In Supreme Court Bar Association v. Union of India, Supreme Court, observed that, “it is well-recognized and established that this Court has always been a law-maker.” This implies the law making power of the Supreme Court.

Section 13 of the Hindu Marriage Act lays down the grounds to obtain a decree of divorce, but irretrievable breakdown of marriage is not one of the grounds. In Romesh Chander v. Savithri the issue that came up for consideration before the Supreme Court was whether a marriage which is otherwise dead emotionally and practically be allowed to continue for name sake. The Supreme Court, in the exercise of powers under Article 142 of the Indian Constitution, directed that the marriage between the appellant and the respondent shall stand dissolved as the marriage was practically dead. This decision has been followed by the Supreme Court in several decisions.

It is a settled law that the Supreme Court grants a decree of divorce only in those situations in which the Court is convinced beyond any doubt that there is absolutely no chance of the marriage surviving and it is broken beyond repair.

It is however, pertinent to note that the power conferred upon the Supreme Court under Article 142 of the Indian Constitution is confided to the Supreme Court and the High Courts and Tribunals have no right to exercise this power.

In AR Antulay v RS Nayak, the Supreme Court has observed in relation to Article 142:

… however wide and plenary the language of the article, the directions given by the Court should not be inconsistent with, repugnant to, or in violation of the specific provisions of any statute.

Preconditions to Article 142

The Supreme Court’s powers under Article 142 are vastly broad based. That power in its exercise is circumscribed only by two conditions:

(1) that it can be exercised only when the Supreme Court otherwise exercises its jurisdiction, and

(2) that the order which the Supreme Court passes must be necessary for doing complete justice in the cause or matter pending before it.

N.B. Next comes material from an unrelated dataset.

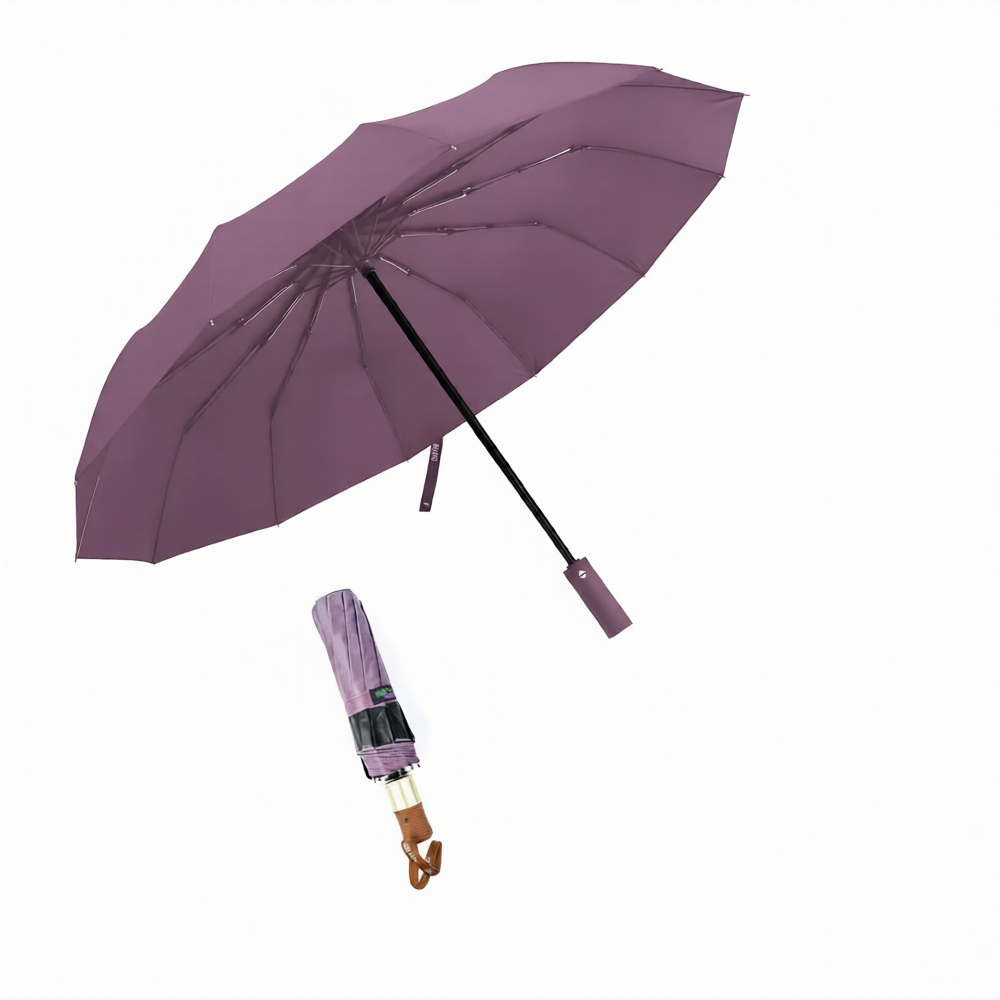 Umbrella 10 Ribs Sankar's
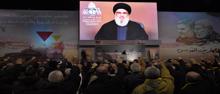 Martyr Nasrallah was a leader everybody trusted, even his enemies: Analyst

But the power should not be exercised frequently, but sparingly.

Under section 25 of the Delhi Special Police Establishment Act, 1946, Central Bureau of Investigation (CBI) cannot investigate a cognizable offence committed within a State without the consent of the concerned State Government. But the Supreme Court has ruled that it can under Article 142 (1) direct CBI to investigate such an offence within a State without the consent of the concerned State Government. The court has asserted that the exercise of its power under Article 142 (1) is not conditioned by any statutory power, because statutory provisions cannot override constitutional provisions. Article 142 (1) being a constitutional power cannot be limited or conditioned by any statutory provision. The court has explained the scope of Article 142 in the following words:


In UOI v M. Bhaskar, this Article was interpreted to mean that benefits of a judgment, where appropriate, can even be extended “to all similarly placed persons” irrespective of the fact whether they are party to the proceedings or not. The principle under this Article was applied in cases where non-appealing accused was given the benefit of a judgment where conviction has been altered in an appeal filed by an accused similarly situated.

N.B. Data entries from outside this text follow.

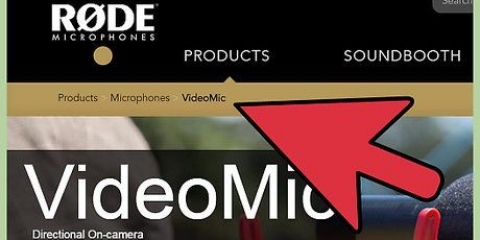 Fazendo bons vídeos para o youtube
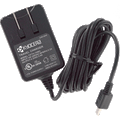 Kyocera TXTVL10063 Charger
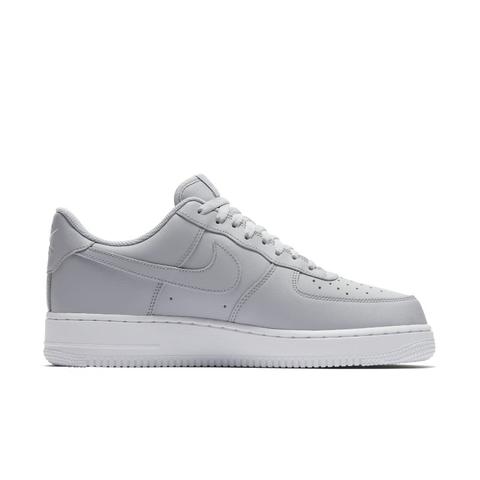nike force gris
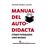 Manual Del Autodidacta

The power under Article 142 of the Indian Constitution is meant to supplement the existing legal work to do complete justice between parties and not supplant it. It is conceived to meet situations which cannot be effectively and appropriately tackled by the existing provisions of law. It is advisable to leave this power undefined and uncatalogued so that it remains elastic enough to mould to suit the given situation.

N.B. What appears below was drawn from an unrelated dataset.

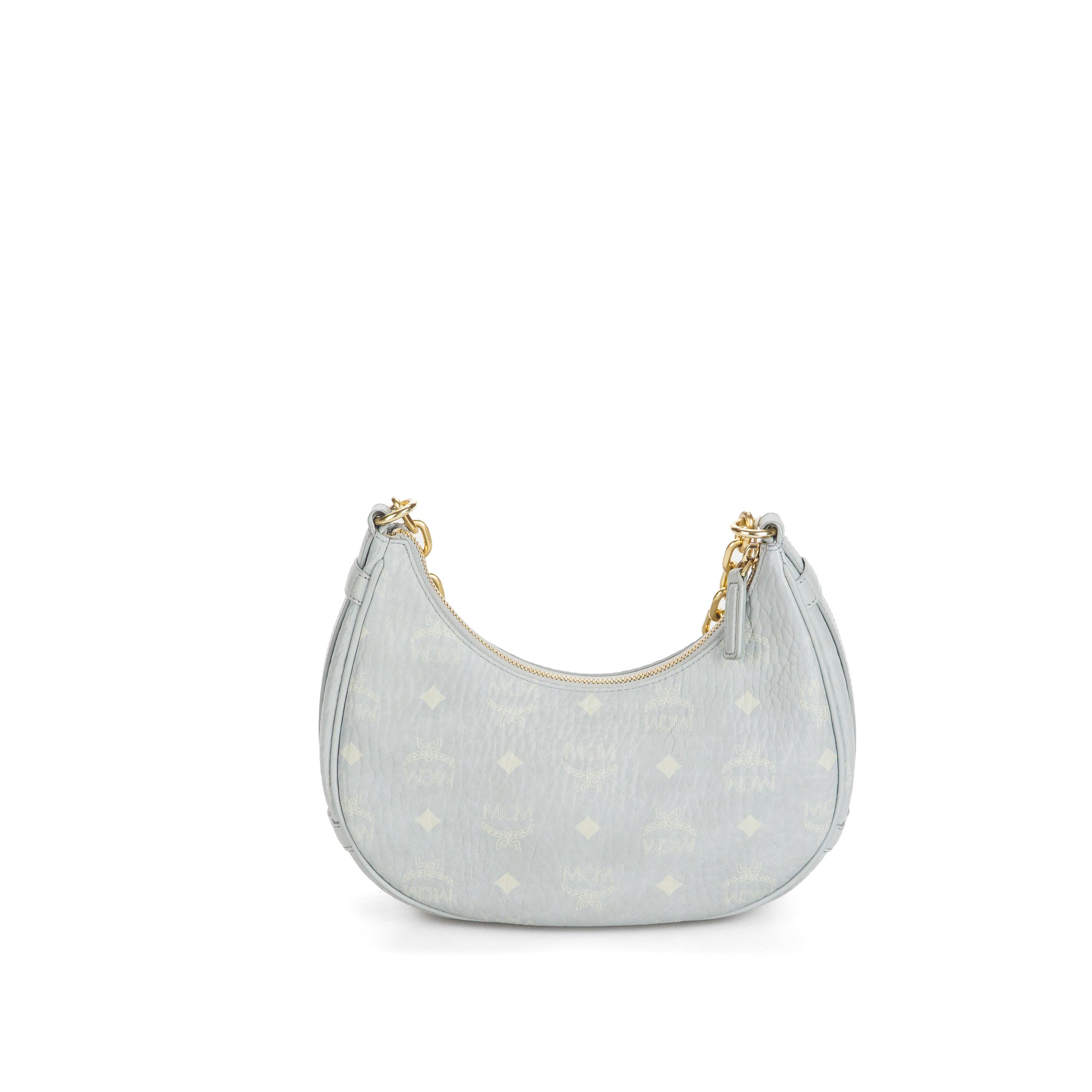 Aren Hobo Bag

What does Article 142 say?

Article 142 allows the Supreme Court to pass any order necessary to do “complete justice” in any case. “The Supreme Court in the exercise of its jurisdiction may pass such decree or make such order as is necessary for doing complete justice in any cause or matter pending before it

What is the difference between review petition and curative petition?

The main difference between the review petition and curative petition is the fact that review petition is inherently provided in the constitution of India whereas the emergence of the curative petition is in relation with the interpretation of the review petition by the Supreme Court which is enshrined in article 137.